Of course, against this backdrop of a climate emergency the winners of the Ashden awards do at least offer some positive insights. Their projects are deservedly honoured. However, I couldn’t help but reflect on how almost all the propositions have been around for thirty years or more. Sistema.bio offer biogas to farmers. Their flexible bag has been around for a number of years and when my colleague asked them the day before what was it that makes them stand out, and why do they think their biogas will outlast other biogas failed scale ups, their answer was…. Customer service. They have a call centre which responds to problems and enable people to keep their systems working. Good customer service is not a world shattering idea!? EQuota energy in China offer data management of energy in buildings….they do indeed leverage smart metering technology (which I admit was not around 30 years ago), but what struck me was …..what is the action the data prompts… “to identify individual pieces of machinery switching on and off”. Resham Sutra designs, manufactures and commercialises machines for silk yarn and fabric production in states across India, most are solar powered.
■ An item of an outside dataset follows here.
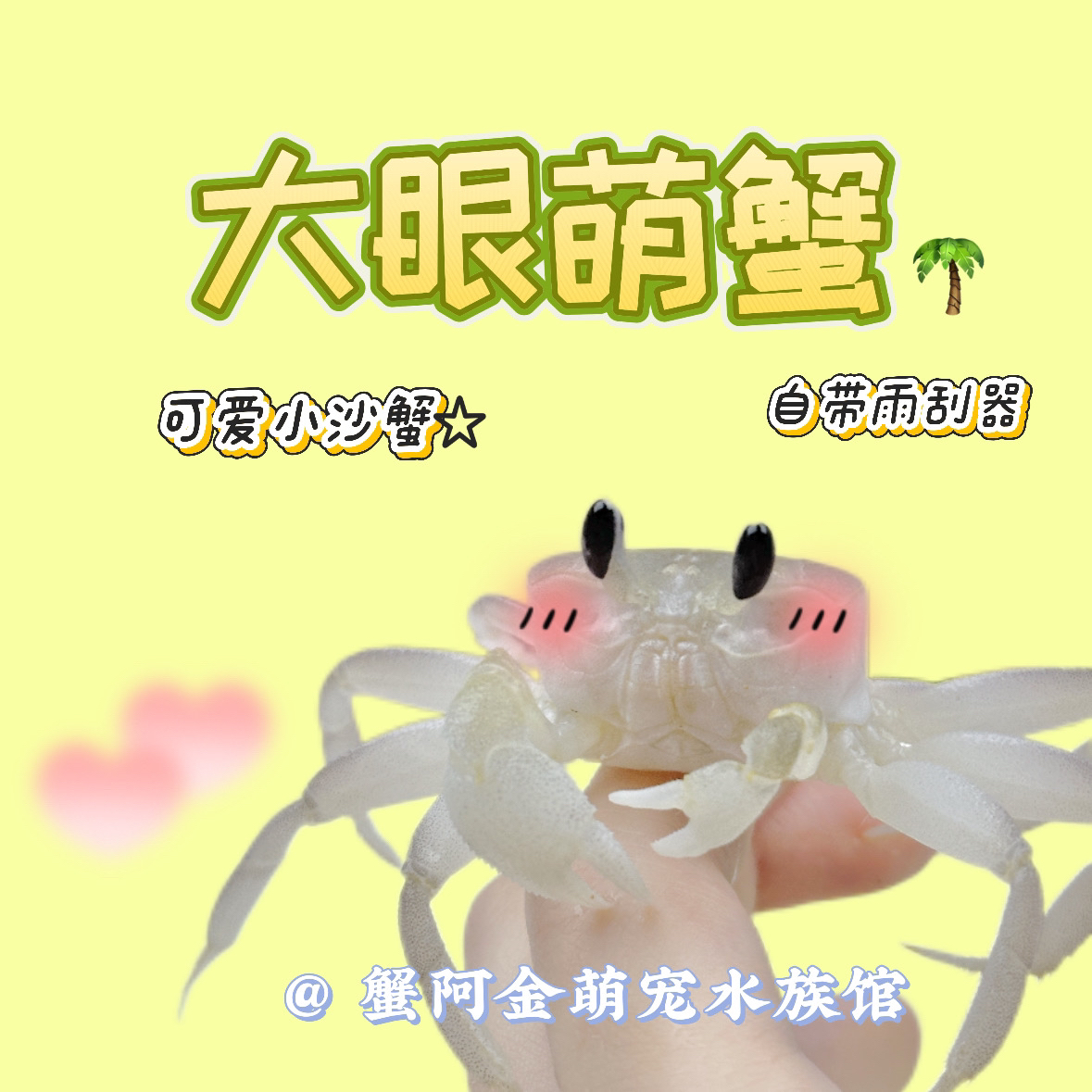 大眼萌蟹中华沙蟹懒人易养爬宠蟹桌面爬宠宠物蟹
Is the technology massively innovative? It is solar generation of electricity, which is becoming a norm? It is a machine for weaving – not particularly innovative. And why the project is successful is the matching of loans to productive use. And finally, a comment on Alcaldía de Medellín. They have created green corridors which have brought back biodiversity and cooled those areas. What came to mind was my home town of Reading – where I recently saw photos of the city at the beginning of the 20th Century, and it was fairly treeless. The Victorians apparently planted lots of trees, and my experience now is of huge large trees on most of the major roads in and out of the town. So, greening of cities – not a new idea.
Please don’t think I am being critical of the winners – rather, I came away with the reinforced idea that these moves towards saving the planet are not so much dependent on new technology per se (except perhaps for Highview Power) but on taking a true systems approach (although highview is addressing Grid system challenges). I came away thinking that the winner’s success is based on a system approach, an integration of newish pieces of technology with good old fashioned good business practice – matching of finance loans to income, great customer service, managing energy devices by switching them off when appropriate, integrating with planning processes.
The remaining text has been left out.